[Opening GIVEN RECORDS section]
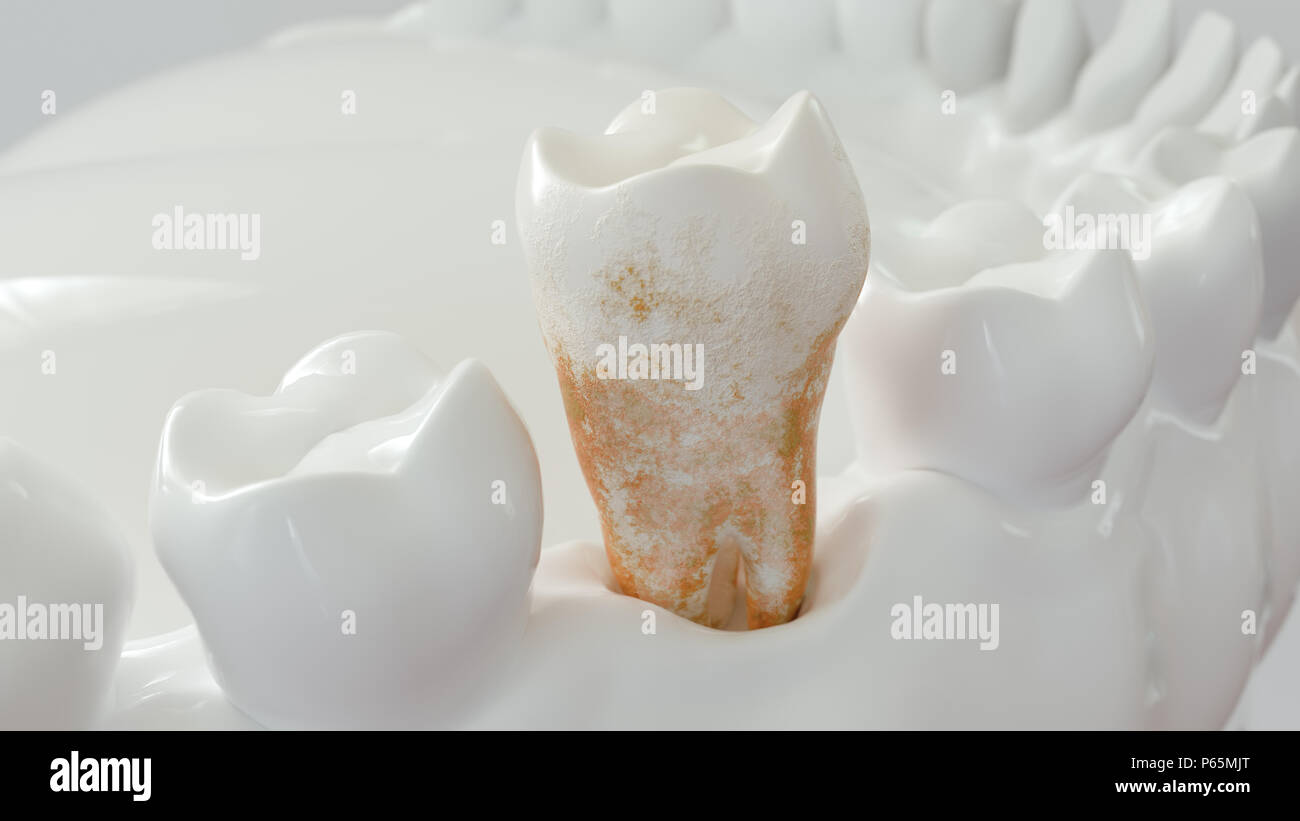 Strong plaque sur une molaire -- 3D Rendering Banque D'Images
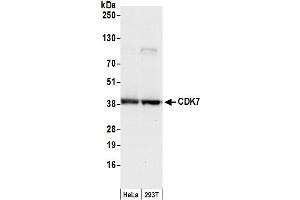 Western Blotting (WB) image for anti-Cyclin-Dependent Kinase 7 (CDK7) (C-Term) antibody (ABIN7455080)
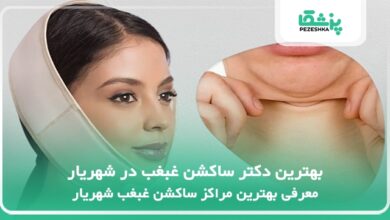 بهترین دکتر ساکشن غبغب در شهریار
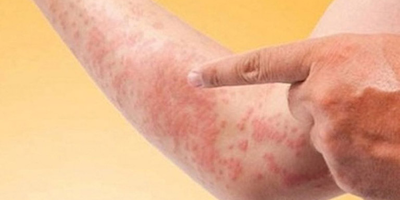 Xử trí khi bị dị ứng thuốc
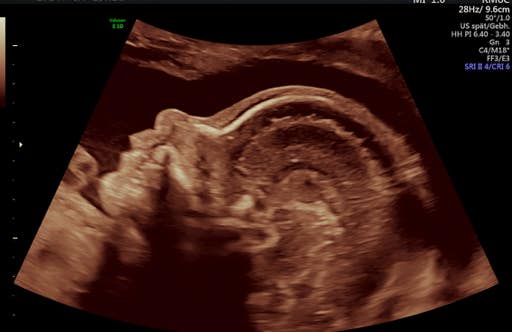 fetales Profil 22. SSW im Ultraschall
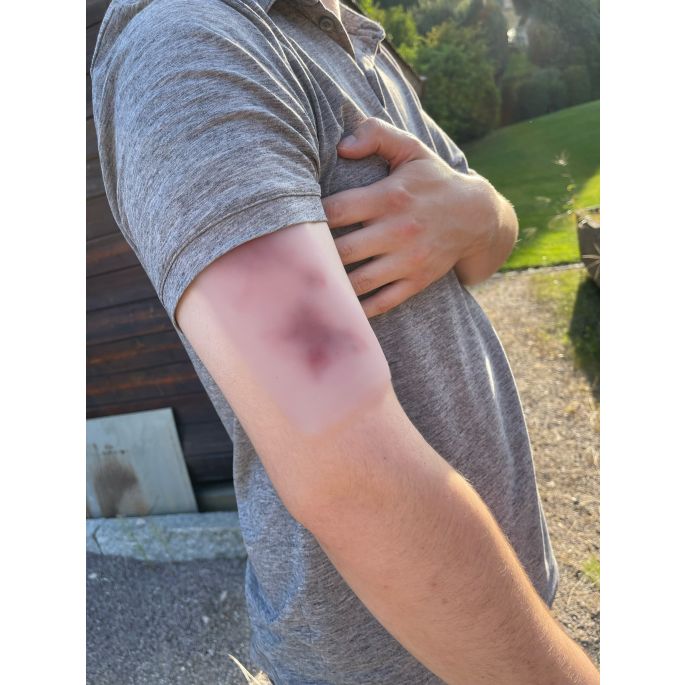 Wondmoulage hematoom vers - afbeelding 7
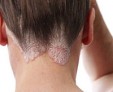 Сухая себорея кожи головы: причины развития и лечение себорейного дерматита
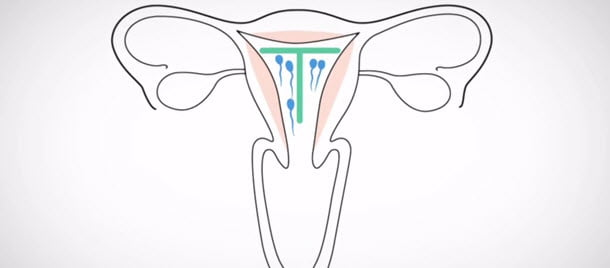 Спираль для женщин от беременности цена thumbnail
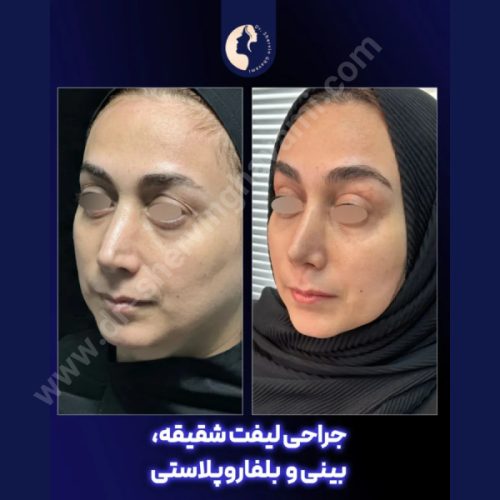 لیفت-شقیقه-32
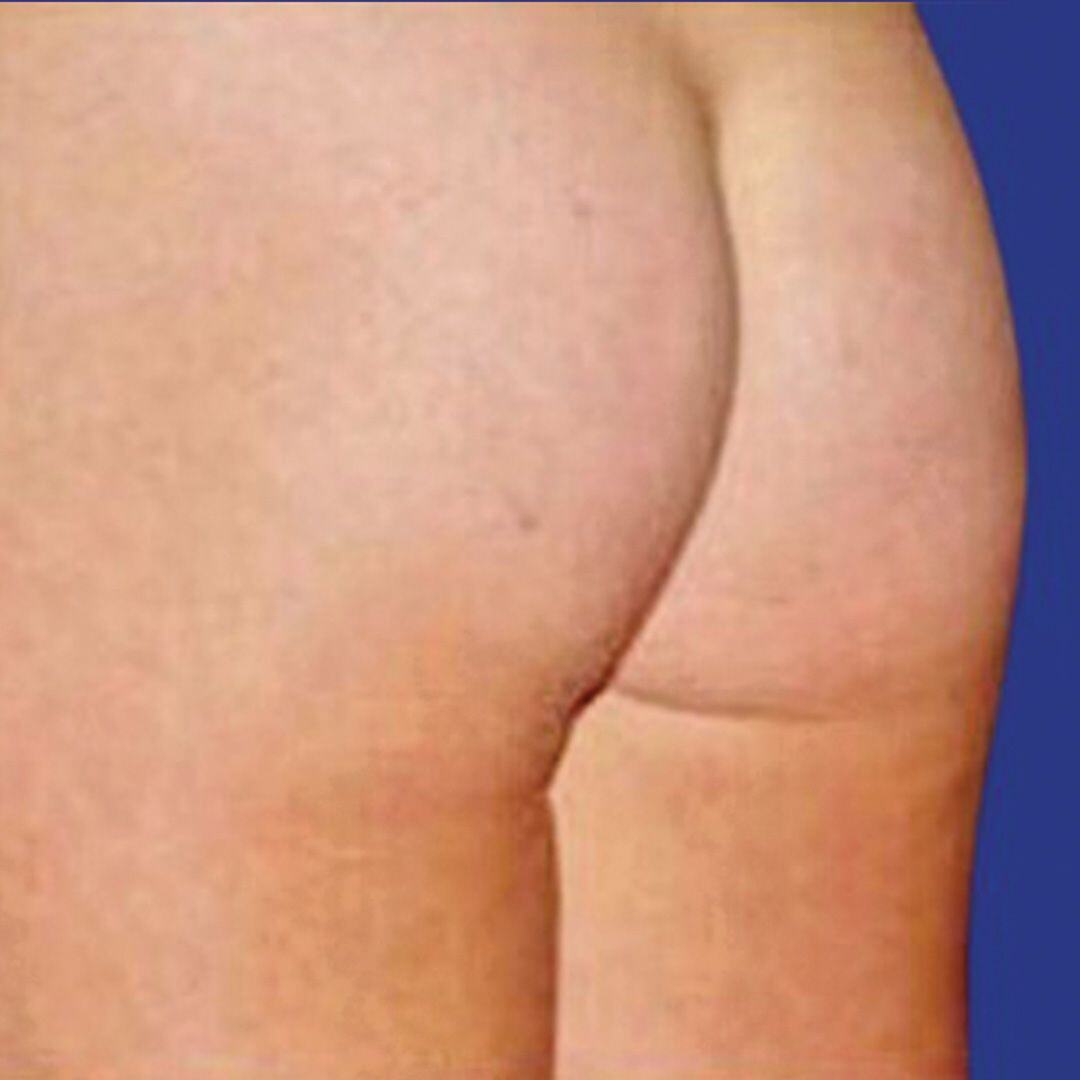 Procedure before and after - before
[Closing GIVEN RECORDS section]
PROMPT:
Exactly as they appear, repeat the lines from the one containing "Wondmoulage hematoom vers - afbeelding 7" through the last line of the entries, counting both ends. Pictures stay out.

EXPECTED ANSWER:
 Wondmoulage hematoom vers - afbeelding 7
 Сухая себорея кожи головы: причины развития и лечение себорейного дерматита
 Спираль для женщин от беременности цена thumbnail
 لیفت-شقیقه-32
 Procedure before and after - before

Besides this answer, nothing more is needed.